::: Data supplied

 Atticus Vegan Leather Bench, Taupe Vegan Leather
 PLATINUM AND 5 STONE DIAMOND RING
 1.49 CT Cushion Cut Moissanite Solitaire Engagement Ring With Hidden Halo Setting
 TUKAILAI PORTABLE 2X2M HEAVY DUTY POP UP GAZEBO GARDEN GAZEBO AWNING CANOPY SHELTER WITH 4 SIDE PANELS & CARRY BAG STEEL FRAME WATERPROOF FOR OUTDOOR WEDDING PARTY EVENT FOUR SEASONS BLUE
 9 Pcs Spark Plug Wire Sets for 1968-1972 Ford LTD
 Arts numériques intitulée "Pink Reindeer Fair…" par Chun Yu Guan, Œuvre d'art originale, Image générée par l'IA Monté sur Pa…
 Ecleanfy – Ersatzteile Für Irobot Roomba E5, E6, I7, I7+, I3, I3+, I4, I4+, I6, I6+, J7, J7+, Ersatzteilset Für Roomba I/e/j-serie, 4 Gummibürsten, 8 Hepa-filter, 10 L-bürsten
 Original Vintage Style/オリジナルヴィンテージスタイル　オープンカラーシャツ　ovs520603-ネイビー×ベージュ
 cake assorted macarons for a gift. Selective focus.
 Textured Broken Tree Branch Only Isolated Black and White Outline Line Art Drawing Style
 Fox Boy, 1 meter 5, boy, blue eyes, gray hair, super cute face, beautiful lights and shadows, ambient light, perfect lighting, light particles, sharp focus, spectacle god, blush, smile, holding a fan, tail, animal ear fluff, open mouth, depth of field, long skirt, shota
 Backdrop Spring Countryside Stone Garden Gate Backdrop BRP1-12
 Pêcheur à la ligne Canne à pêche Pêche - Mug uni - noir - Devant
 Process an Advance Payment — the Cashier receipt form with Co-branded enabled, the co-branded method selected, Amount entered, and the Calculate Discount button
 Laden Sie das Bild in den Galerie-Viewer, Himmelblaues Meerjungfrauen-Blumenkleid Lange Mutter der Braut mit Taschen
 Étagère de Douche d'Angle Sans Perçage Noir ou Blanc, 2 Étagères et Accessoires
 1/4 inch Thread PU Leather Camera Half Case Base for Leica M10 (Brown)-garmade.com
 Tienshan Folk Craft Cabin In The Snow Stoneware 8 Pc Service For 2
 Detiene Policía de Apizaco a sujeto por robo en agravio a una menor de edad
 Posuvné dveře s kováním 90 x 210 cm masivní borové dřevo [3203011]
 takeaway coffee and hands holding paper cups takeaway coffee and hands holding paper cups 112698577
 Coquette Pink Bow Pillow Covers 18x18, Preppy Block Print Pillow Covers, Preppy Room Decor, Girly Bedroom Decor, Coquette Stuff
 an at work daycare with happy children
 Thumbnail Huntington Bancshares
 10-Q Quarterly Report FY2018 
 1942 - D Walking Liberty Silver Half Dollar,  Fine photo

::::::

:: What is required ::
If a line of the listing contains the word "focus", count it; then give the total and nothing else.

:: Output ::
2